Saturday Morning Links

Assorted content for your weekend reading.

- Oliver Milman reports on new indications that we're far beyond any reasonable pace in trying to rein in climate change. 

- The Star's editorial board discusses why lower-income Ontarians are right to feel like they're under attack from Doug Ford's government. And Noah Smith writes about the combination of income inequality, immobility and stagnation that's leading to millenial dissatisfaction with the U.S.' economy.

- Meaghan Craig reports on new research showing how unstable housing alone correlates to a large proportion of health care costs in Saskatoon.

- Finally, Andrew Coyne points out that New Brunswick's election result provides one of the best arguments yet as to the problems with first-past-the-post politics. The Globe and Mail's editorial board is also recognizing that we should be demanding a more representative electoral system. And Tom Parkin draws a connection between proportional representation and a return to genuinely responsible government:

Under first-past-the-post, legislative majorities are too easily given, sometimes with as little as 37 per cent support.

And now fixing that problem has added urgency—because the political right now often rejects the norms and customs that previously held a check on majority power.

While well-meaning people debate which things Ford really won a ‘mandate’ to do, Ford is using his 75 MPPs as proxy votes to do whatever he wants.
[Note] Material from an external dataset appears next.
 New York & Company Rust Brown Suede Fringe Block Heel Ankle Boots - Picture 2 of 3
Ford never mentioned anything about changing municipal elections—which normally would be discussed in the campaign and Throne Speech. But his 75 proxies stood ready to carry out his wish.

When a court quashed his bill, his 75 proxies stood ready to support a replacement bill suspending some charter rights and freedoms. When the opposition said his replacement bill violated rules of the legislature, his 75 proxies stood ready to change the rules.
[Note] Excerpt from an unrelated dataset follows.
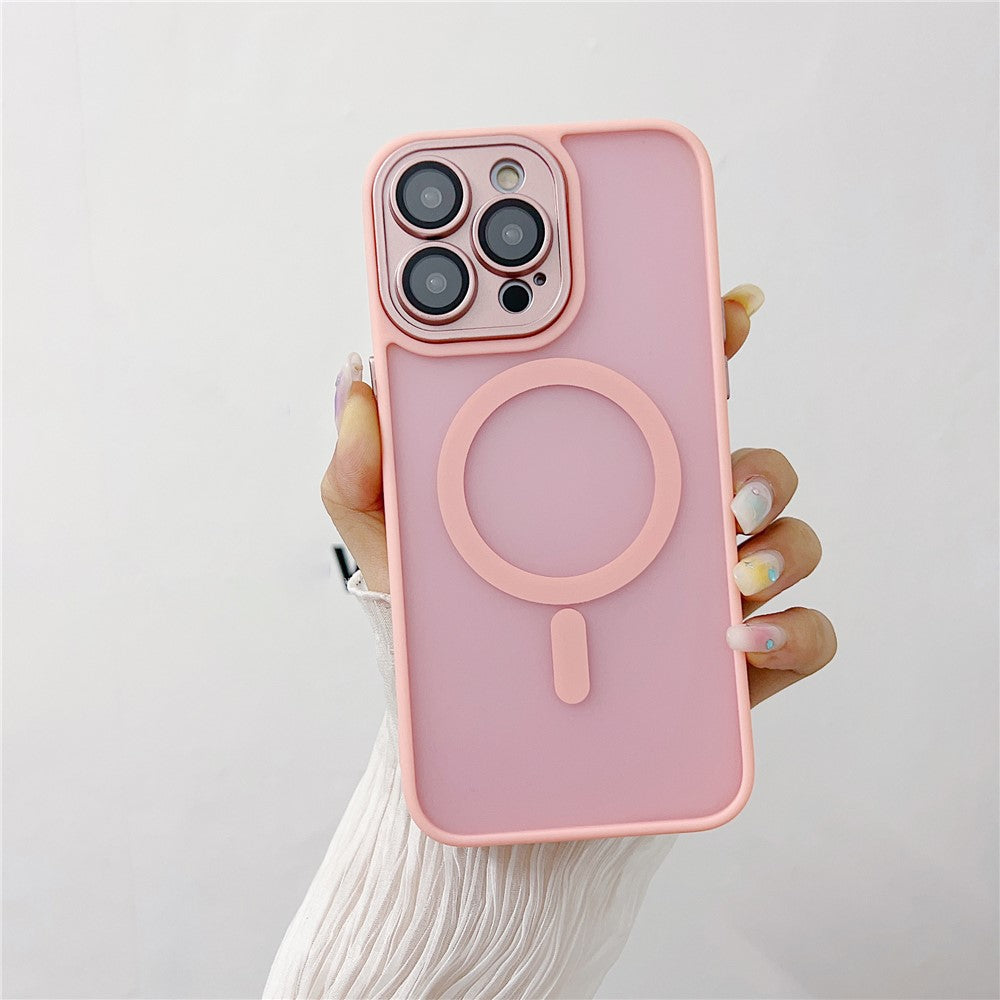For iPhone 14 Pro Magnetic Case with Lens Film / Detachable Lens Frame Hybrid Phone Back Cover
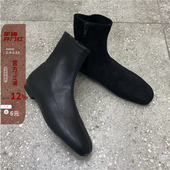 现韩国东大门女鞋 22秋新韩版 简约百搭方头绒面侧拉链平底瘦瘦短靴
And when Ford stood for pictures with a group of white supremacists—and took four days to give a half-assed denunciation under duress —none of his 75 proxies objected.

This is new. Very new.

On the right, legislative majorities are now being interpreted as a right to one-man rule—with the power to suspend charter rights and freedoms. Because he can.

So our legislatures and parliaments need to matter again. Proportional representation would result in less frequent majorities and make premiers more accountable to the legislature again. A premier’s need to find support in the legislature can play the role norms and customs used to.